Paralelamente, México mantiene una postura de prudencia, defendiendo la continuidad del acuerdo. La presidenta Claudia Sheinbaum reiteró que el T-MEC es “conveniente para los tres países”, mientras el secretario de Economía, Marcelo Ebrard, viaja esta semana a Washington para continuar las conversaciones con sus homólogos estadounidenses.

La primera revisión formal del T-MEC está fijada para el 1 de julio de 2026, y su resultado podría definir tres escenarios:

  1. Extensión por 16 años, hasta 2042.
  2. Revisión anual, si alguno de los socios manifiesta inconformidad.
  3. Terminación del tratado, mediante un proceso formal de cancelación.

Analistas como Valeria Moy, del Instituto Mexicano para la Competitividad (IMCO), advierten que Trump podría buscar acuerdos bilaterales que otorguen ventajas directas a Estados Unidos, mientras mantiene bajo presión a México y Canadá. 

Otros expertos, como Ian Bremmer, describen este escenario como un “T-MEC zombi”, donde el tratado sigue vigente, pero sin avances sustantivos, generando incertidumbre prolongada para las inversiones.

Aun así, tanto en México como en Canadá, los gobiernos y el sector privado apuestan por preservar el bloque norteamericano. 

La Cámara de Comercio de Estados Unidos recordó que el acuerdo sustenta más de 13 millones de empleos estadounidenses y beneficia a más de 100,000 pymes exportadoras.

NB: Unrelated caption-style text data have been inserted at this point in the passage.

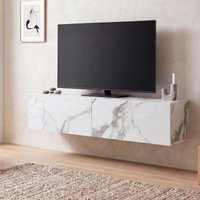 FineBuy Lowboard Hängend Marmor-Optik 120x30x30 cm TV-Schrank, Design Fernsehtisch mit Klapptüren Modern, Fernsehschrank Wand, TV-Kommode Fernsehkommode zum Aufhängen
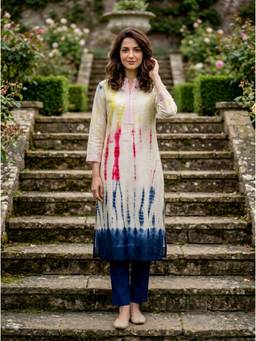 Missprint - Ivory Tie-Dye Silk Chanderi Kurta with Blue Cotton Pant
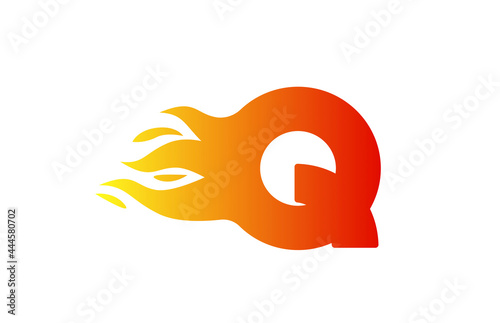 fire Q alphabet letter icon for company. Red flames design suitable for a corporate logo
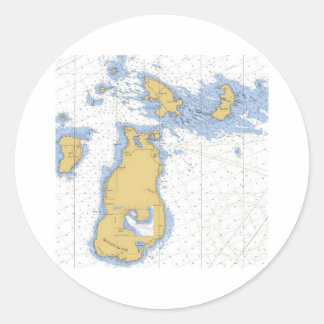 Sticker Rond Carte marine de Beaver Island, MI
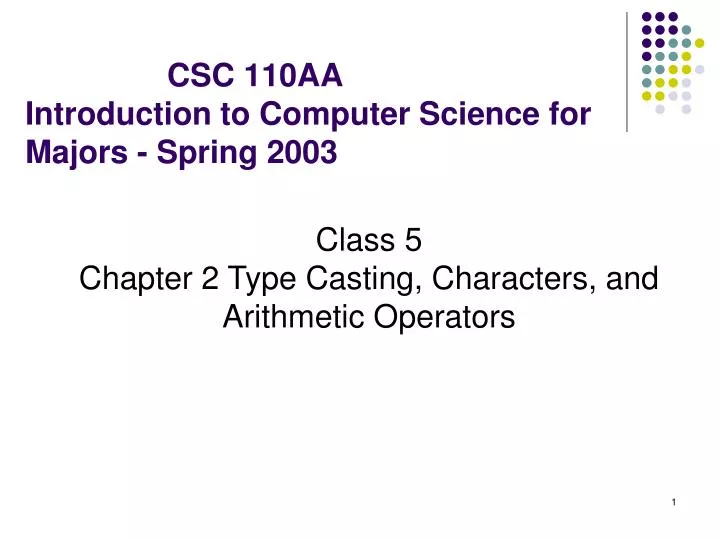 csc 110aa introduction to computer science for majors spring 2003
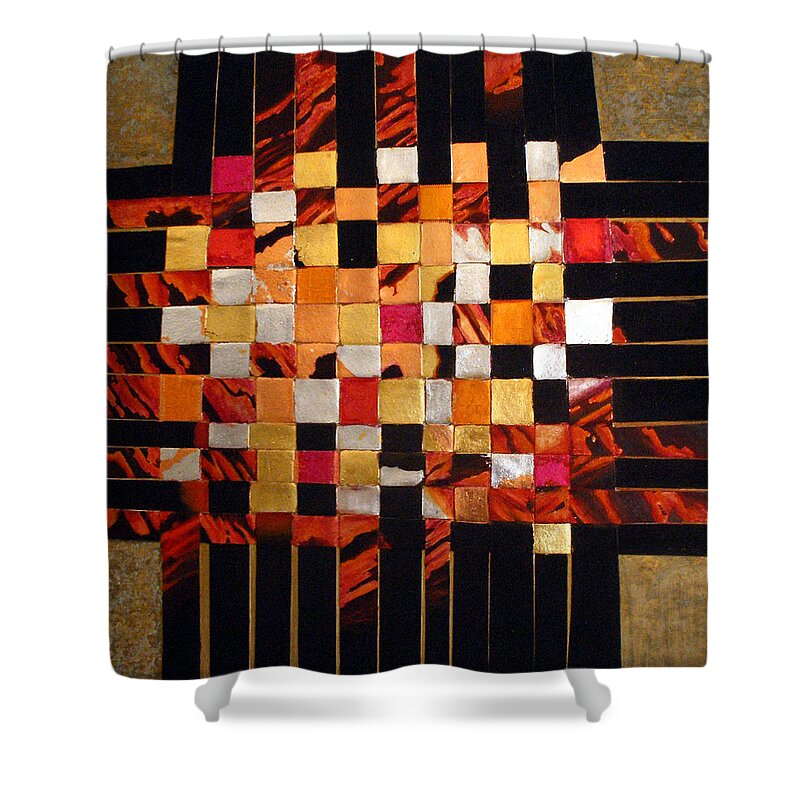 Mixed Media Shower Curtain featuring the mixed media Woven Sky by Anni Adkins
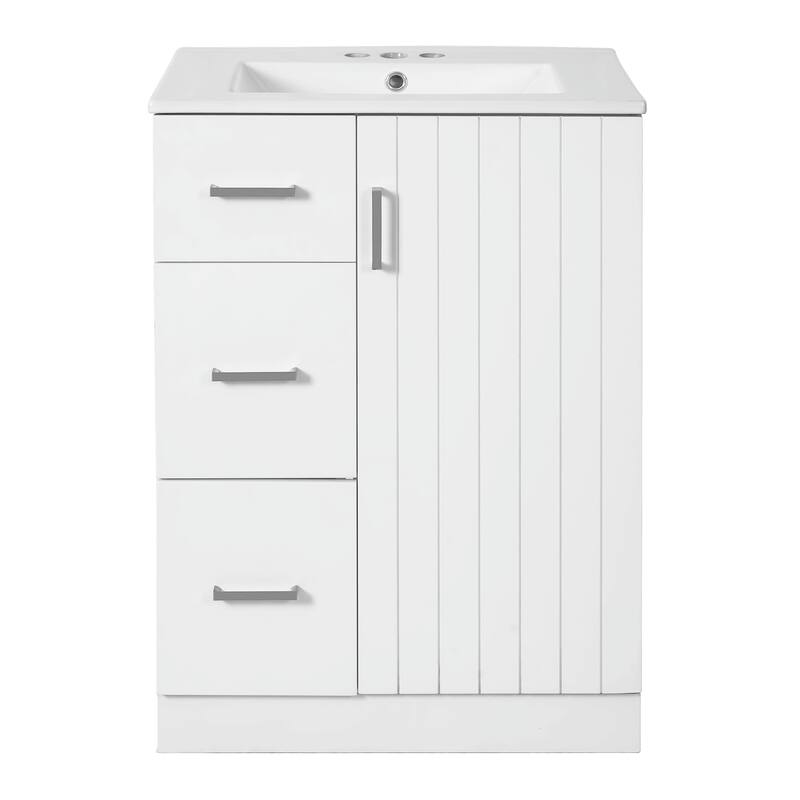 24" Modern Bathroom Vanity with Sink, Small Bathroom Sink Cabinet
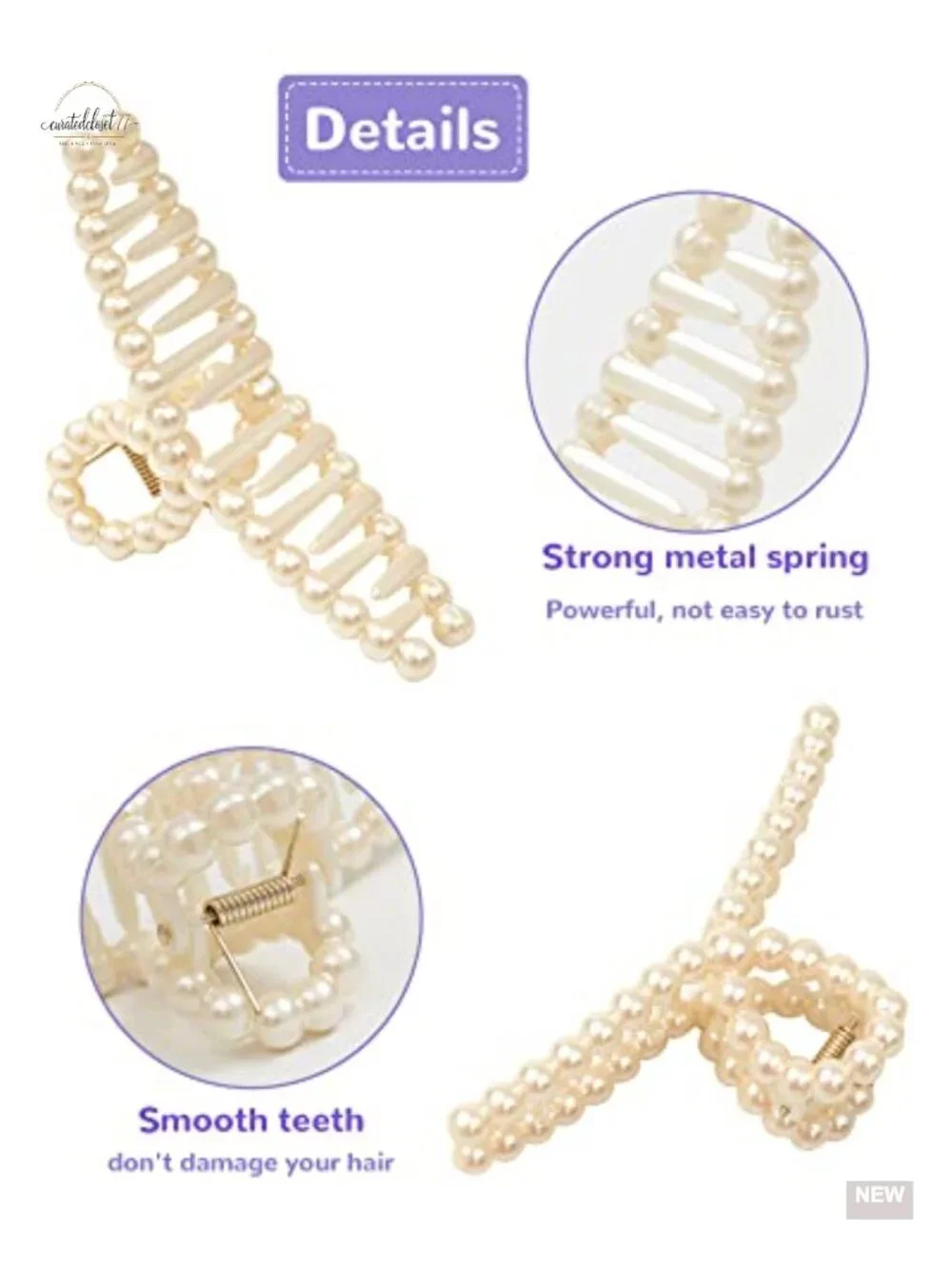 6 Pack Large Non-Slip Pearl Hair Claws for Thick Hair Wedding Styling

Su vicepresidente, Neil Herrington, pidió una revisión “transparente y ordenada” y reconoció que todos los países han tenido rezagos en su cumplimiento, señalando a México en áreas como energía, comercio digital y propiedad intelectual.

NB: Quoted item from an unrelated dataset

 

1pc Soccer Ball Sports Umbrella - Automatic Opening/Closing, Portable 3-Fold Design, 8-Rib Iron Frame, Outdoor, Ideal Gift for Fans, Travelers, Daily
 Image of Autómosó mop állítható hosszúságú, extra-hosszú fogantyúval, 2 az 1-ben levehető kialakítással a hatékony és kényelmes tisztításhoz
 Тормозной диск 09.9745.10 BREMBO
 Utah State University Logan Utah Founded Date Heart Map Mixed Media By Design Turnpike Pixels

Según información de El País, el director de la American Chamber of Commerce (AmCham) en México, Pedro Casas Alatriste, destacó que el verdadero contrapeso ante Trump son las empresas estadounidenses con inversiones en México, que presionan a favor de mantener la integración regional. “Estas compañías son las que están abogando porque sobreviva el T-MEC”, afirmó.

En la misma línea, el especialista Luis de la Calle insistió en que México debe defender su trato arancelario preferencial y negociar la eliminación de tarifas sobre acero, aluminio y cobre, recordando que esas medidas también afectan a la industria estadounidense.

La revisión del T-MEC ocurre en un contexto de elecciones intermedias en Estados Unidos, tensiones comerciales con China y un entorno global fragmentado. Sin embargo, los vínculos económicos entre los tres socios siguen siendo sólidos: el comercio entre México y Estados Unidos supera los 800,000 millones de dólares anuales, y la inversión estadounidense representa el 40% de la IED en México.

En este escenario, México se mantiene como defensor del acuerdo, Canadá explora rutas de diversificación, y Estados Unidos marca el ritmo de una negociación cargada de presión política. El resultado determinará si América del Norte consolida su integración o entra en una etapa de incertidumbre prolongada bajo la sombra del “T-MEC zombi”.

Con información de Forbes México y El País.